Sixth Sunday after
Pentecost
Thoughts for the Week - Fr. R. Taouk
21st July 2019
God in Our Midst - The Blessed Sacrament
by Pope Urban IV
Over this mystery, which prepares joy for us and elicits our
tears, we rejoice weepingly and weep joyfully because our
hearts are entranced with joy at the remembrance of so great
a benefit, and in the sense of the most just gratitude which
we owe it, we cannot refrain from tears. O infinite, Divine
love! O exceedingly great condescension of our God! O
astounding miracle of His liberality! Not enough to make us
masters of the goods of this world, He even places all
creatures at our command. This was not even enough for His
goodness to us. He raised man to so great a dignity as to
give him Angels to guard him and celestial spirits to serve
him and to guide the elect to the possession of the
inheritance which is prepared for them in Heaven. After so
many brilliant proofs of His munificence, He has given us a
still greater pledge of His unspeakable charity by bestowing
Himself on us. Exceeding the very fullness of His gifts and
the very measure of His love, He offers Himself for our food
and drink.
O admirable liberality, in which the Giver is the Gift, and
the Gift is the very One Who gives! O unexampled liberality
by which He gives Himself! Our God has given Himself to be
our food because man, condemned to death as he is, can be
restored to life by this means only. By eating the forbidden
fruit he incurred death, and by partaking of the Tree of
Life, he has been redeemed. In the former was the sting of
death; in the latter the food of life. By eating the former
he inflicted a wound upon himself; by eating of the latter
he recovered health. Thus the partaking of the one food
wounded him; the partaking of the other healed him. Wound
and cure proceed from the same source, and what entailed
death upon us, has restored us to life. Of the former it is
said: "On the day on which you shall eat thereof, you shall
die the death"; and of the latter, "He that eats of this
bread shall live for ever".
O Substantial Food which perfectly satisfies and truly
nourishes, not the body, but the heart; not the flesh, but
the soul! Our compassionate Redeemer, who knew that man
needed spiritual nourishment, has in this institution of
charity and mercy prepared for his soul the most precious
and most nourishing food that His wisdom could devise.
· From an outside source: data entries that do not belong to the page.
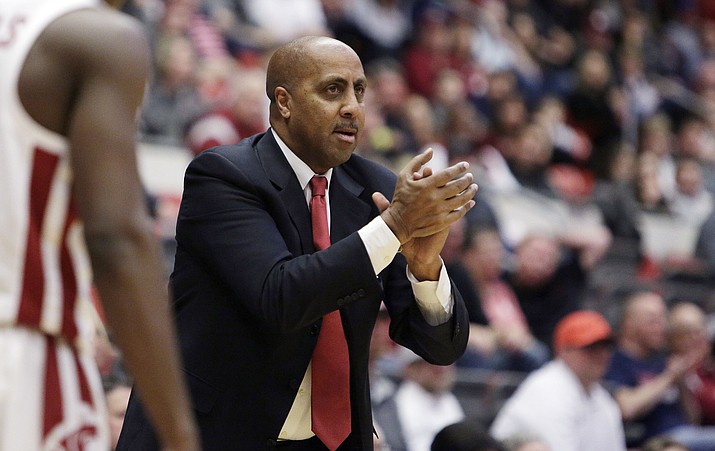 In this Wednesday, Jan. 31, 2018, file photo, Arizona associate head coach Lorenzo Romar reacts during the first half against Washington State in Pullman, Wash. He spent 15 seasons as the head coach at Washington, but now will walk into Huskies home gym as the opponent. (Young Kwak/AP, File)
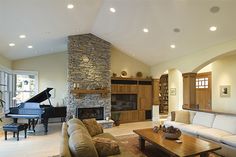 a living room filled with furniture and a piano in front of a fire place surrounded by windows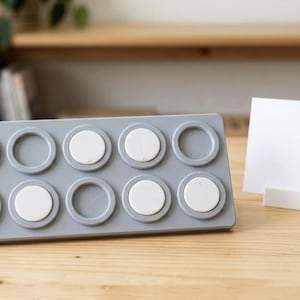 May include: A rectangular grey ten-frame tray featuring ten circular recessed slots, with seven white circular discs placed inside the slots. Beside the tray stands a small white rectangular card holder containing a blank white rectangular card.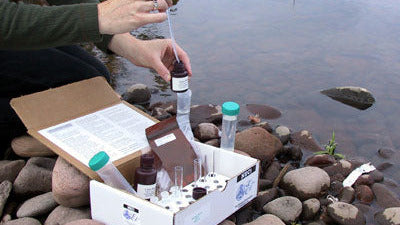 Person conducting water quality testing by a body of water with equipment and samples.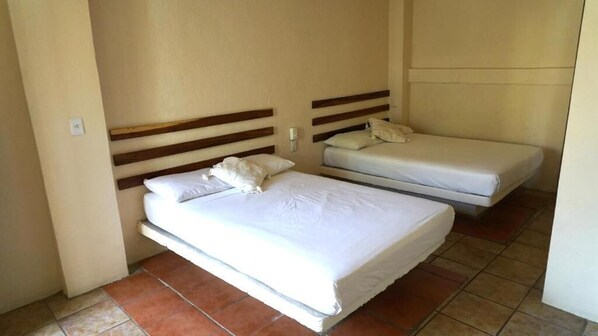 A room with two beds, each with wooden headboards and white bedding. - Casa Laani (San Pedro Mixtepec)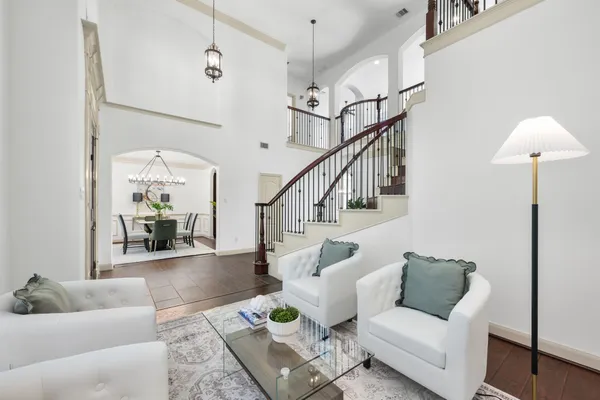 a living room with furniture and a chandelier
Man has eaten the Bread of Angels, and therefore Our Lord
said: "My flesh is meat indeed!" This Divine Bread is eaten,
but it is not changed, because it assumes no other form in
him who eats it. It transforms the worthy receiver into Him
whom it contains. O most excellent, most adorable and most
venerable Sacrament, to which we can never give adequate
praise, honour and glory and whose benefits we can never
justly extol! O Sacrament, which is worthy of being revered
from the bottom of the heart, loved with the most tender and
fervent affection and of being deeply engraved upon our
memory in indelible characters! O most precious remembrance,
which ought to be made known and exalted in all places,
which all Christians ought ever to remember with feelings of
the deepest gratitude, which can never sufficiently meditate
upon or ever sufficiently worship. We are therefore bound to
cherish a perpetual remembrance of it, so that we may
constantly have Him before our eyes who offers this
inestimable benefit to us. For the more we consider the
Gift, the more we prize Him who bestows it.